Mi padre siempre quiso que yo fuera pelotero, es decir, jugador de béisbol, que es el deporte nacional en Cuba. Pero yo siempre he tenido un fuerte problema con las autoridades. Rechazo todo lo que traten de imponerme a la fuerza. Y me escapo de algún modo para hacer lo que quiero. He descubierto que me encanta que existan regulaciones, costumbres, leyes, líneas amarillas, fronteras, hábitos, sólo para poder violarlas y hacer las cosas a mi modo. Hay que pagar un peaje. Lo sé.
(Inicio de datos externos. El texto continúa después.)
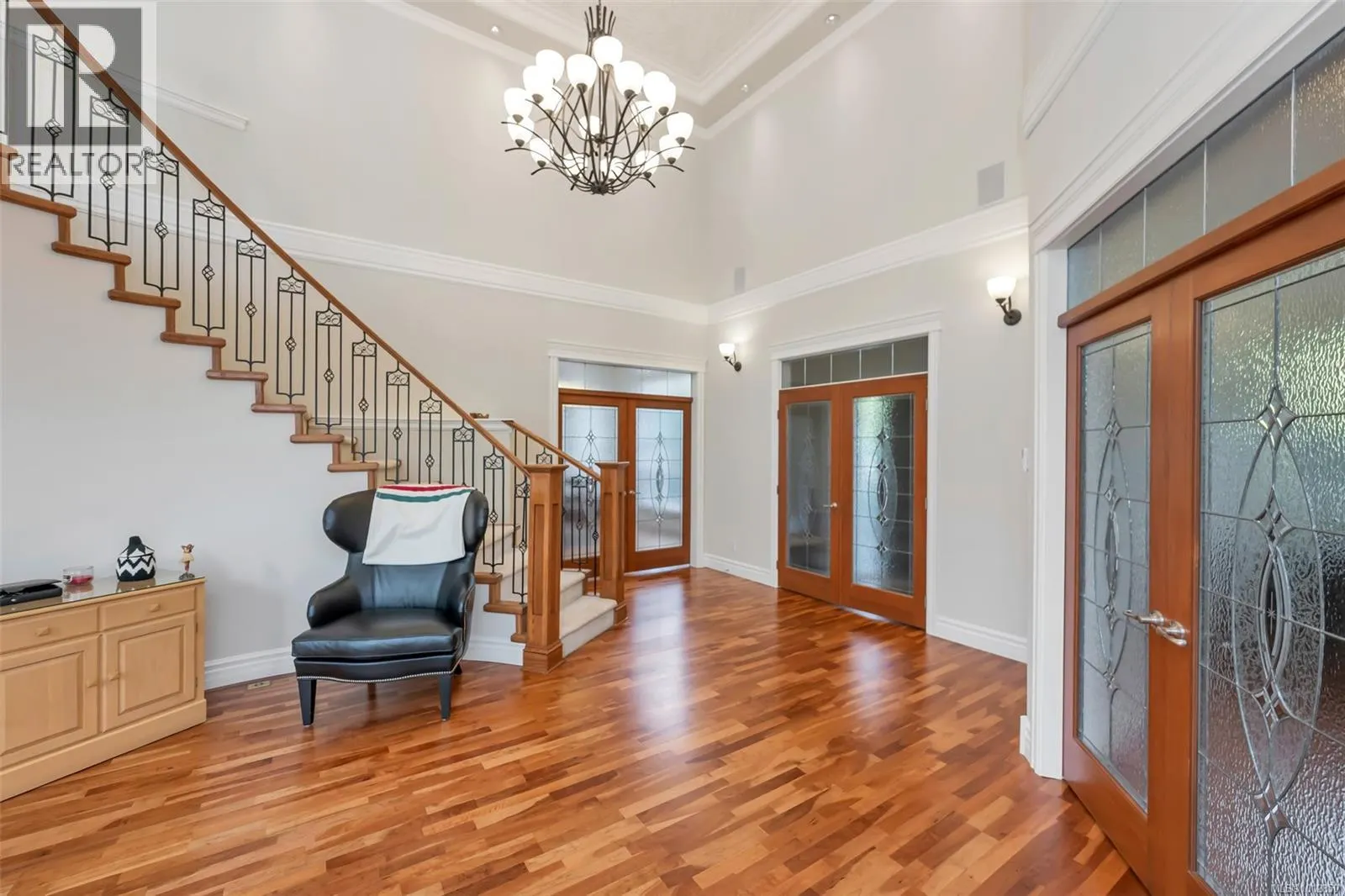 4668 Cordova Bay Rd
Y el peaje a veces es muy alto y te lo cobran al mismo tiempo tirios y troyanos, pero no me quejo. Es así. Lo acepto. Entonces, antes de 1959, mi padre era del club Almendares.  Los Reyes Magos  cada seis de enero me traían uniformes del Almendares además de guante, pelota y bate. Y allá iba Pedrito con su padre al stadium el domingo al mediodía. Pero Pedrito jamás le prestó  atención al juego. No me interesaba y me ponía  a mirar a la gente, exaltada, gritando. Recuerdo perfectamente muchas de aquellas escenas de las visitas dominicales al stadium.  Creo que así empecé a desarrollar mi capacidad de observación que tan útil me ha sido después. Un escritor que no sea buen observador ya está condenado al fracaso, como apunté en algún post anterior en este blog.
Además, para completar mi rebeldía, desde los siete años, me escapaba a  la casa de Concha, una vecina en el piso de  los bajos, que tenía un pequeño televisor, para ver el boxeo, desde el Madison Square Garden. Lo trasmitían en directo. La señal se recibía mediante unas enormes antenas que todavía están en las colinas de Campo Florido -o colinas de Villa Real-  encima de la playa de Guanabo, al este de La Habana. Por allí se recibían también algunos partidos de las Grandes Ligas. En determinadas épocas del año, yo bajaba cada noche para ver aquellas peleas a diez asaltos. Era salvaje. A veces se masacraban, sangraban, se partían la nariz, y seguían. Como gladiadores. El deporte profesional, ya sabemos, casi siempre es profesional pero no deporte. Había mucho dinero por medio y tenían que seguir hasta casi morirse encima del ring.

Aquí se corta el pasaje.